(Given information)

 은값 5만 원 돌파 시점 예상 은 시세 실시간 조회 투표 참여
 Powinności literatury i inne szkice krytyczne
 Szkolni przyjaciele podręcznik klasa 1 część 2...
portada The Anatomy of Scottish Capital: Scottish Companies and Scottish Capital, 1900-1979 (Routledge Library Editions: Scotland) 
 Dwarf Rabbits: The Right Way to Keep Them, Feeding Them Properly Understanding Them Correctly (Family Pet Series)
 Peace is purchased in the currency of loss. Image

(End Given information)

*What you are asked to do*: All lines above from the one containing "Powinności literatury i" to the one containing "portada The Anatomy" must be repeated exactly, both lines included, and no others.

*Response to the task*:
 Powinności literatury i inne szkice krytyczne
 Szkolni przyjaciele podręcznik klasa 1 część 2...
portada The Anatomy of Scottish Capital: Scottish Companies and Scottish Capital, 1900-1979 (Routledge Library Editions: Scotland) 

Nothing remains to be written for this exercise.